What to produce
Transcribe the data verbatim and drop its images.

Available data
────────────────────

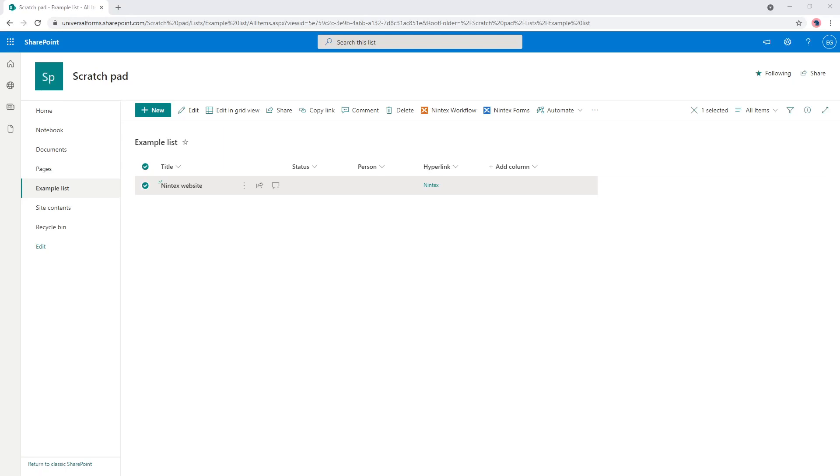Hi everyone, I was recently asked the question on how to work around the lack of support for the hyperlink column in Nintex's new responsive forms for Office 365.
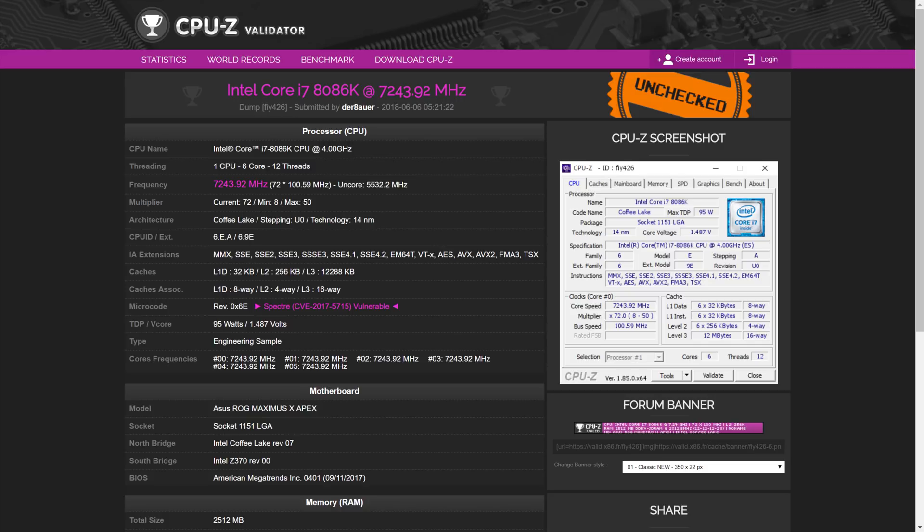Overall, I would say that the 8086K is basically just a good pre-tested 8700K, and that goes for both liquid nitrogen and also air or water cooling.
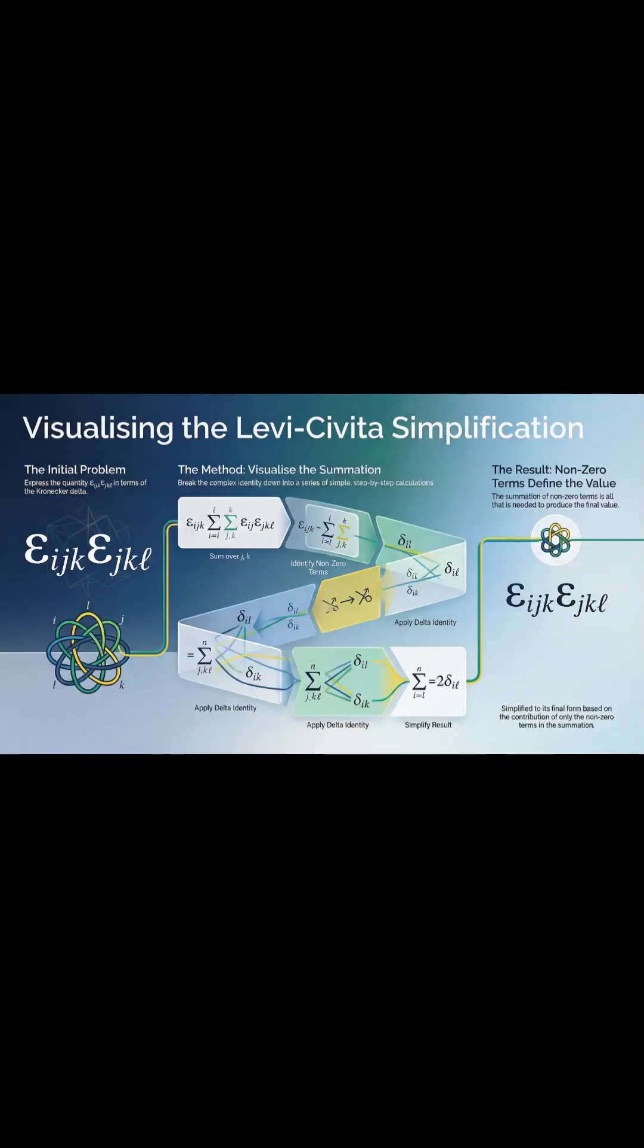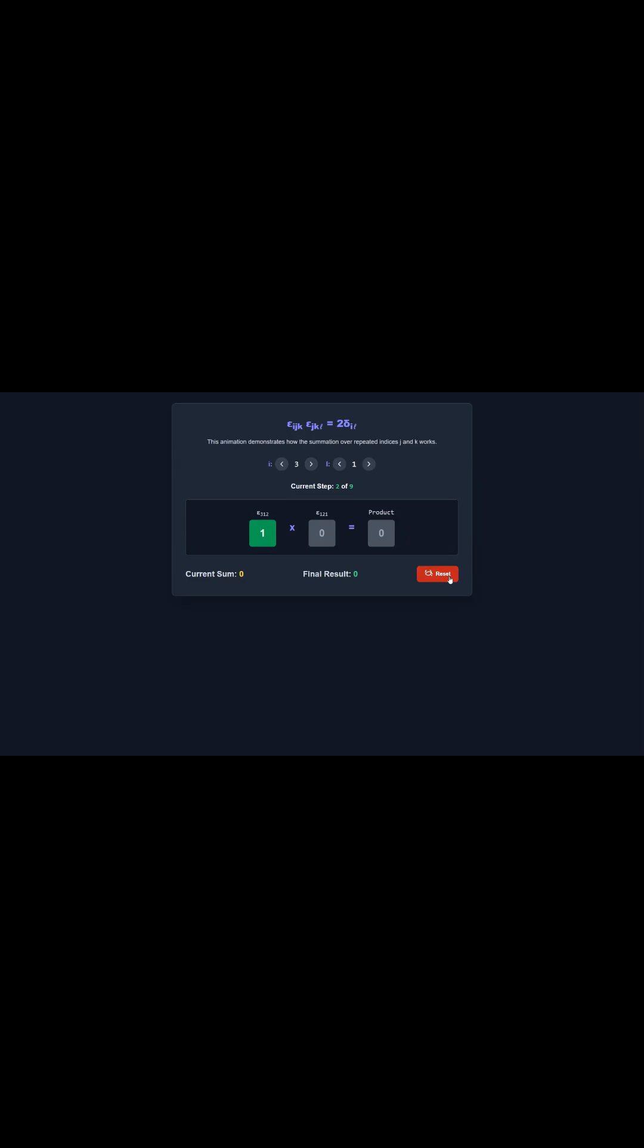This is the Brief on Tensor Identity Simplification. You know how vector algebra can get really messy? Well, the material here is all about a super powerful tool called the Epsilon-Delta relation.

────────────────────

Answer for the task
Hi everyone, I was recently asked the question on how to work around the lack of support for the hyperlink column in Nintex's new responsive forms for Office 365.
Overall, I would say that the 8086K is basically just a good pre-tested 8700K, and that goes for both liquid nitrogen and also air or water cooling.
This is the Brief on Tensor Identity Simplification. You know how vector algebra can get really messy? Well, the material here is all about a super powerful tool called the Epsilon-Delta relation.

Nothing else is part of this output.